(Stored entries)
****

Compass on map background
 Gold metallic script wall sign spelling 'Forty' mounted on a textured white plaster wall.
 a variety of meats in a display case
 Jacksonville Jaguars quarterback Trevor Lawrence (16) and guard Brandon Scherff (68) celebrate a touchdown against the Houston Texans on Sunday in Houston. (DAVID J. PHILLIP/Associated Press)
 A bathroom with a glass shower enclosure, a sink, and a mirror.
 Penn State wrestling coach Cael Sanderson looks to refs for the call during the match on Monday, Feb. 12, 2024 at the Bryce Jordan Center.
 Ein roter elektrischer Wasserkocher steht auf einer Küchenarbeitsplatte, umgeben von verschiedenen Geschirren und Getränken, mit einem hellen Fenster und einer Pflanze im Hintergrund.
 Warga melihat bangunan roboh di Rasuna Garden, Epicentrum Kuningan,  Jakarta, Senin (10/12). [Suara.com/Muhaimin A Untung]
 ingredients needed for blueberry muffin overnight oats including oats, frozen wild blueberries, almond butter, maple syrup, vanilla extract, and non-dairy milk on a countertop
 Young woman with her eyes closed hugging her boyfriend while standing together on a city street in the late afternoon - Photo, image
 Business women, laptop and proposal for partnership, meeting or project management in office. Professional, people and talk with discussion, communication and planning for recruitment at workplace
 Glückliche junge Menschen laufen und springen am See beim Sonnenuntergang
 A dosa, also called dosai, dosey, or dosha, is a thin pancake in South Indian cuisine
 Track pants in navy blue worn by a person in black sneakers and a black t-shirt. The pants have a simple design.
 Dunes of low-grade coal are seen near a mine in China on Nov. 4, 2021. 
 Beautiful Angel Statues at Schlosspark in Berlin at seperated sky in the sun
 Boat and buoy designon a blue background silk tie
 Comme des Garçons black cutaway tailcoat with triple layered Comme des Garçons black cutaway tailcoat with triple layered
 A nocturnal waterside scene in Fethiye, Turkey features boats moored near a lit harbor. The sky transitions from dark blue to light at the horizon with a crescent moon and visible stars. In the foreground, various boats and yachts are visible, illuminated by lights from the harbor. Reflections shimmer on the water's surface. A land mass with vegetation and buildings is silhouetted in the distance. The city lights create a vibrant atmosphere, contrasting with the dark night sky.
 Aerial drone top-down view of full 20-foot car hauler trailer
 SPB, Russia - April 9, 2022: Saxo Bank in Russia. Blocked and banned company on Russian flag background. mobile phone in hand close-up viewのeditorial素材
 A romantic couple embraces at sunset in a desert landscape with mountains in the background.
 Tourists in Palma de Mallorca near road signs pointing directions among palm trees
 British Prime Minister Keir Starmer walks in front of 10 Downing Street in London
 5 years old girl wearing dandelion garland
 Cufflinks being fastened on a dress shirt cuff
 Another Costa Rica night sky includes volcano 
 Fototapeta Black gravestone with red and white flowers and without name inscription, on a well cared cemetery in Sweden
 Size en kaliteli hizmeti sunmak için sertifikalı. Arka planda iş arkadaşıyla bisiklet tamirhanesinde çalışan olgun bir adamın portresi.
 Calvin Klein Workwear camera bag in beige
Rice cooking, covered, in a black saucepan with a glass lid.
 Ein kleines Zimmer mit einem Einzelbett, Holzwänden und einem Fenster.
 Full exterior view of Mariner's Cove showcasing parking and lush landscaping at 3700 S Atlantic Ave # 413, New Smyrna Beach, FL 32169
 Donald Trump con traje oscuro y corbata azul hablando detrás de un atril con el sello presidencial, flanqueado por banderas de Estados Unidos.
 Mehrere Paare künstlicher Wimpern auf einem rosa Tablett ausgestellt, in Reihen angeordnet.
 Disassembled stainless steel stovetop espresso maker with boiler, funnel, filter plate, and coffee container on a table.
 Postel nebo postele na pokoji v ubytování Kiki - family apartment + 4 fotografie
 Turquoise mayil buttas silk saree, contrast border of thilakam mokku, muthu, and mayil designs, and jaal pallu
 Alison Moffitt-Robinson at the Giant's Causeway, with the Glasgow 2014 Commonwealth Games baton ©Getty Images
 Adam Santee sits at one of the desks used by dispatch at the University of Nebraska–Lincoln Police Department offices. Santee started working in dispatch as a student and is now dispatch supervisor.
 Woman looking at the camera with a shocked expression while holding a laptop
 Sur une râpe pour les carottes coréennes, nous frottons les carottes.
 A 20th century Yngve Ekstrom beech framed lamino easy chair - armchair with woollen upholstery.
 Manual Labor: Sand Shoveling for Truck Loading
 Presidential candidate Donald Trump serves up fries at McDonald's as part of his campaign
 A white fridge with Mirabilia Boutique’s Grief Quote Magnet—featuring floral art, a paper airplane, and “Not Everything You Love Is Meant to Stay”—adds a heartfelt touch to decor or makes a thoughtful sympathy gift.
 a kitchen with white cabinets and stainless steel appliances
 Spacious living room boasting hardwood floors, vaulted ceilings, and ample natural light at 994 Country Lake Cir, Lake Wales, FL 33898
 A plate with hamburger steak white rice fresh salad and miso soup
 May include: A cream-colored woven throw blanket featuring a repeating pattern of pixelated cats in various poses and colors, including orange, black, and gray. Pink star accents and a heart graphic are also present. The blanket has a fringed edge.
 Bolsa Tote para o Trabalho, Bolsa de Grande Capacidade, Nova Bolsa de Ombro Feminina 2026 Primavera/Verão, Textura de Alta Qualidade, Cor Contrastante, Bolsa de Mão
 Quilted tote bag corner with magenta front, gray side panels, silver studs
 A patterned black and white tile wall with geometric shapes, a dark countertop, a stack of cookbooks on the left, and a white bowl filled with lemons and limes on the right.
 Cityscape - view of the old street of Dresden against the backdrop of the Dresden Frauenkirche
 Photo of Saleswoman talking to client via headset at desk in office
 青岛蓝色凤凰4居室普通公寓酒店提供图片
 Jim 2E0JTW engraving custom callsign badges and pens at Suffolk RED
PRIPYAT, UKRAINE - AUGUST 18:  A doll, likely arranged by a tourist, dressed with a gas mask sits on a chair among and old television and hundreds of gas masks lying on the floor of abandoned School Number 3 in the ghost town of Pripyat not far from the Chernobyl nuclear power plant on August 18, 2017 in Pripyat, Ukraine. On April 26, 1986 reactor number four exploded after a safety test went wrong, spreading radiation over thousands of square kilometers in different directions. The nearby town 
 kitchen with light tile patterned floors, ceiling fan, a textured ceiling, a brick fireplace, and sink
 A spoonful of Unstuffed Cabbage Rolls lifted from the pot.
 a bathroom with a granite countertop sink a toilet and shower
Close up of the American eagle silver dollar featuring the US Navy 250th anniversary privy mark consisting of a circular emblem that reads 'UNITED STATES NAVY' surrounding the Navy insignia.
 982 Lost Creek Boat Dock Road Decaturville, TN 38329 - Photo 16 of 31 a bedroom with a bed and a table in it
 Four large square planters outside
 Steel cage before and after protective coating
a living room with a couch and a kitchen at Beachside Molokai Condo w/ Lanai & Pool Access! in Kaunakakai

****

* _What is needed_: From the records above, report the number of lines that hold the string "featuring" and add nothing.

* _The completed task_: 3